It's only an imaginary line. But since crossing it, our whole voyage has changed.
We passed the Arctic Circle at 7:26 this morning. From our cabin we could see the globe marker on a tiny island, designating that northern latitude. Overnight the landscape had been transformed to snow covered peaks dominating the background, with rugged terrain near shore. No longer were there brown open patches of grass. And the scattered enclaves of buildings looked especially remote. It was the definition of stark beauty.
Heightening the drama, the sun was just beginning to rise above the peaks. That scarce source of light had been eluding us until now, and its appearance was most welcome. Soon the snowy peaks were rimmed with a golden glow. The glacial mountain sides illuminated by the low early light. And blue sky reigned up above. It was a whole new world.
I will admit to witnessing this beauty from the seat of a bicycle. A stationary one at that, pressed up against the windows on the starboard side, facing the sunrise. Alone in the minuscule fitness center, I had a front row seat to the continually changing scene. While I knew I was missing the perfect opportunity to photograph this phenomenon, having committed to this workout I pedaled on, my eyes rooted to the display. I knew that Rich would not let this pass without capturing it, and rationalized that his photos would be far superior to mine. And with 45 minutes dedicated to this bicycle seat I would remain attentive to the scenery rather than trying to compose photographs, missing the live presentation. It was one of the most picturesque bike rides I've ever taken. And Rich came through with stellar photographs.
The morning was perfect for roaming the decks. The landscape changed constantly. Fishing boats, ferries and even a sailboat came into view. The light was constantly shifting. And the sun felt so good. This was what we came to do, and it was easy to while away the hours moving in and out of the sun and wind in search of more sights. Everything was so much more dramatic in the sunlight.
The Arctic Circle landmark did not go unmarked by the ship's crew, who staged an appearance by Neptune. Arriving with his trident, he and the ship's captain initiated the brave in a legendary ceremony from the deep.

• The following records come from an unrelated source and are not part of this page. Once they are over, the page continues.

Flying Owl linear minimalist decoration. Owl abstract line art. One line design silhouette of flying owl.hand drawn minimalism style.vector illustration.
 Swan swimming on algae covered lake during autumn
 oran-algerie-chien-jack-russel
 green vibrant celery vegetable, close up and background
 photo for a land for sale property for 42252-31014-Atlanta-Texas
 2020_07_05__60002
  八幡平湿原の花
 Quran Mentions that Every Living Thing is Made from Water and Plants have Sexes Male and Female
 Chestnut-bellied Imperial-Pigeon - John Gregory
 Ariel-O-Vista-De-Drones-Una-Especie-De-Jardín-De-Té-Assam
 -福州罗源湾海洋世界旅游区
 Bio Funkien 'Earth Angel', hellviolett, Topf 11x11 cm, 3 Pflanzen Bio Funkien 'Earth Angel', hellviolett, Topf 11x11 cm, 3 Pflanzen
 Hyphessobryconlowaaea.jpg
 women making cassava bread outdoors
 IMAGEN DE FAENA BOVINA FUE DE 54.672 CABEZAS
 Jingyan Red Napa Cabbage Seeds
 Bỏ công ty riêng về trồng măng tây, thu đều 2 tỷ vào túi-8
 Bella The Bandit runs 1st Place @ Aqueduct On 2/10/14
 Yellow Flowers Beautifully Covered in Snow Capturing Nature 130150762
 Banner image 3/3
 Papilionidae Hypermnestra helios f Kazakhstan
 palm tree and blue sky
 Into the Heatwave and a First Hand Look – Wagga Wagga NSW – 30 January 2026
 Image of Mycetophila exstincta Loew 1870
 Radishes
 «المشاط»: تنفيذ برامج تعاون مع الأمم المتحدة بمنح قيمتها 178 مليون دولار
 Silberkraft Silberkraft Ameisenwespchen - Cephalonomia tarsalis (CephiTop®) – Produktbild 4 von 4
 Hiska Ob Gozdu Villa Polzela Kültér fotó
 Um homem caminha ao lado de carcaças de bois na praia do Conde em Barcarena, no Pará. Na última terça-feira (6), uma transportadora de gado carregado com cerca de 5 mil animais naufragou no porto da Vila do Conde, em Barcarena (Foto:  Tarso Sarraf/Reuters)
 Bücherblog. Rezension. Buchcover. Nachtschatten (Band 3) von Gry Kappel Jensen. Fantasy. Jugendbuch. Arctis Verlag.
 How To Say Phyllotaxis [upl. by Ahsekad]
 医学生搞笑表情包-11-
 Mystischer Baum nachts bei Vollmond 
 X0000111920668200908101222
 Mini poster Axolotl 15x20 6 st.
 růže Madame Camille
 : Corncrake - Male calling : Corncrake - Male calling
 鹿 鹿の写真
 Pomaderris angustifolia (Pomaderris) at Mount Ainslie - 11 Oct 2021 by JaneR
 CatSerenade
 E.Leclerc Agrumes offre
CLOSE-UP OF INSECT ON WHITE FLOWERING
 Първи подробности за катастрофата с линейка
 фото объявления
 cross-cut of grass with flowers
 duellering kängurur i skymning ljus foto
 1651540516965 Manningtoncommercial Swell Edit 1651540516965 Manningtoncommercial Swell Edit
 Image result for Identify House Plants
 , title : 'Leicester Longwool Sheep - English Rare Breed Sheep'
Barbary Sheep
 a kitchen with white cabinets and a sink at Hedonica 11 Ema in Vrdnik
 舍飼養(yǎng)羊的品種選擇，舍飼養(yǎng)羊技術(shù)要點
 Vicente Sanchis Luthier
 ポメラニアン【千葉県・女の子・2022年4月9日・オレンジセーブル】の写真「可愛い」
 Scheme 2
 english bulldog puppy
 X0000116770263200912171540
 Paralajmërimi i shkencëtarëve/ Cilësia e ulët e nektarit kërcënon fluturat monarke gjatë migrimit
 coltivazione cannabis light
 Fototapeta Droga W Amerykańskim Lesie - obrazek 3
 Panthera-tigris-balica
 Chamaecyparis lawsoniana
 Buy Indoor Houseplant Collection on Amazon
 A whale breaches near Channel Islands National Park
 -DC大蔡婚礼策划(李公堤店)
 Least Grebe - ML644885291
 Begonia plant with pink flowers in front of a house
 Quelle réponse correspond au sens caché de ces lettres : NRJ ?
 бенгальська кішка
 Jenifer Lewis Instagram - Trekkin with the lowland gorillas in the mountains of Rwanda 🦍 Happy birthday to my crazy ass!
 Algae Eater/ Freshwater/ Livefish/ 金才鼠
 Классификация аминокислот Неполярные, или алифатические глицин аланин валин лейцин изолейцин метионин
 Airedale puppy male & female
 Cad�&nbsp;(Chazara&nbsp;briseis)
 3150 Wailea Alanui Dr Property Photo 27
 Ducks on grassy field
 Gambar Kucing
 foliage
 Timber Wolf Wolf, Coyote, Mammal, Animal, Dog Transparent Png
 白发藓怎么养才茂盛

We knew it involved some strong spirits, but being allowed to imbibe first required a shivering cold dousing with a ladle of watery ice cubes down the back. Some participants were brought forward unwillingly, but Rich knowingly succumbed to the torchure. I kept well out of range until the frigid ingredients were exhausted, choosing instead a timid pose with Neptune.
For this trip, the Arctic Circle was the weather's dividing line between blasé and brilliant. It was well worth crossing.